Multiply your estimated win probability by the profit on a winning bet, then subtract the loss probability times the amount risked. For a $100 bet at +120 with a 50% win probability: (0.50 × $120) − (0.50 × $100) = +$10 EV per bet. The bet is profitable in the long run by $10 per $100 risked. Our EV Calculator runs this for any inputs.
Yes — if your win-probability estimates are systematically more accurate than the market's. The math guarantees long-run profit; the practical constraint is that estimating true probability is hard, books take a cut (vig), and variance can produce losing stretches of 50–200 bets even with real edge. Most bettors quit during variance, mistaking it for the strategy being broken.
Mathematically, any positive edge is +EV. Practically, sharp bettors typically require at least 2–3 percentage points of edge above the market's implied probability before placing. That buffer absorbs estimation noise, line movement, and the book's vig. Below 2pp, the bet is technically +EV but the margin is too thin to survive real-world friction.
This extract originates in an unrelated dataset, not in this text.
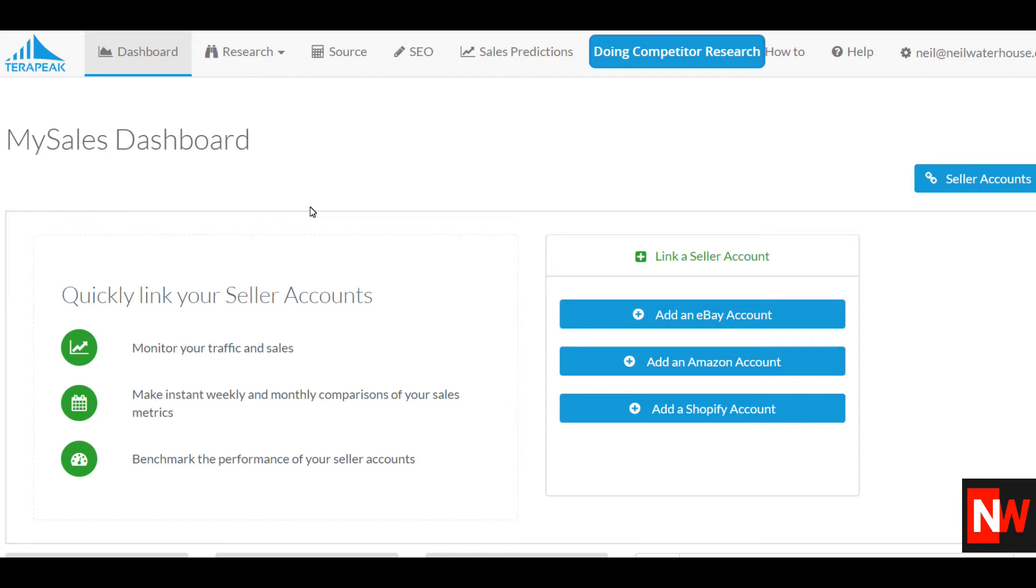Hi, this is New Order House. Today I want to do a quick demonstration of how to use Terapeak to do keyword research.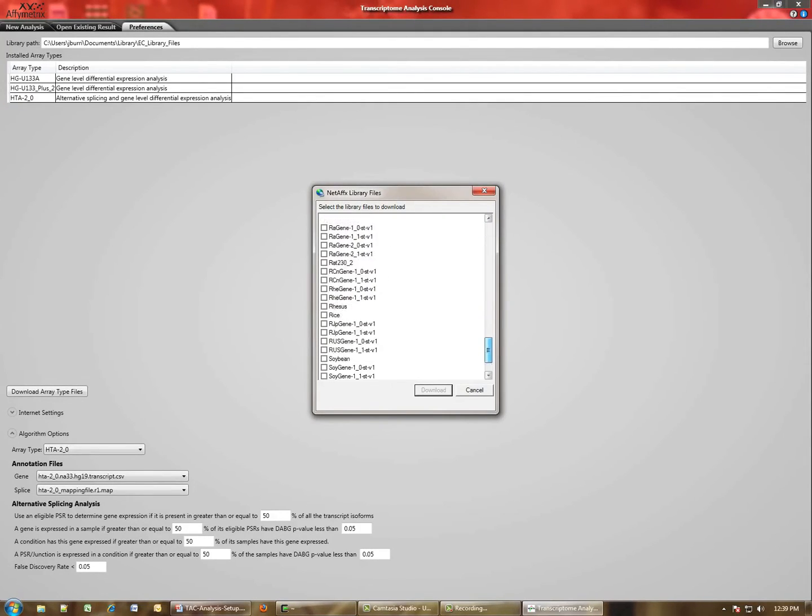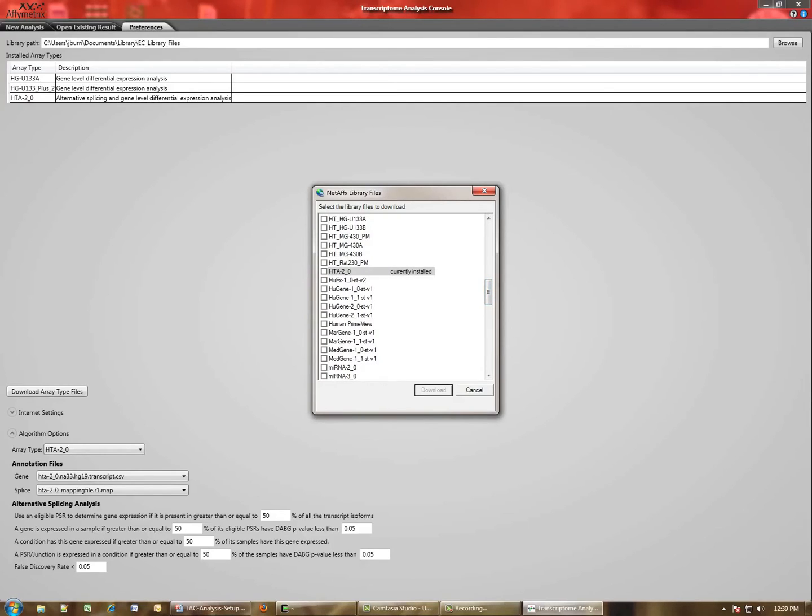And the ones that I've already downloaded, for example, the HTA array, are indicated as currently installed. Simply check a box and then hit the Download button to download the files to your computer.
Absolutely — and most +EV bets that lose individually are still correctly placed. A 55% bet at +100 has +5% EV and a 45% chance of losing each time. Across 100 such bets you'd expect roughly 55 wins, but any individual bet flips a near-coin. Judging a bet by whether it won is the most common mistake in sports betting. Judge it by whether the price was wrong at the moment of placement.
You need some way to estimate true win probability more accurately than the market on at least some games. That can be a quantitative model, a deep edge in one specific niche (one team you follow obsessively, one matchup type), or the de-vigged consensus from sharp books used against soft retail prices. Without any of those, you're guessing — and guessing doesn't produce systematic +EV.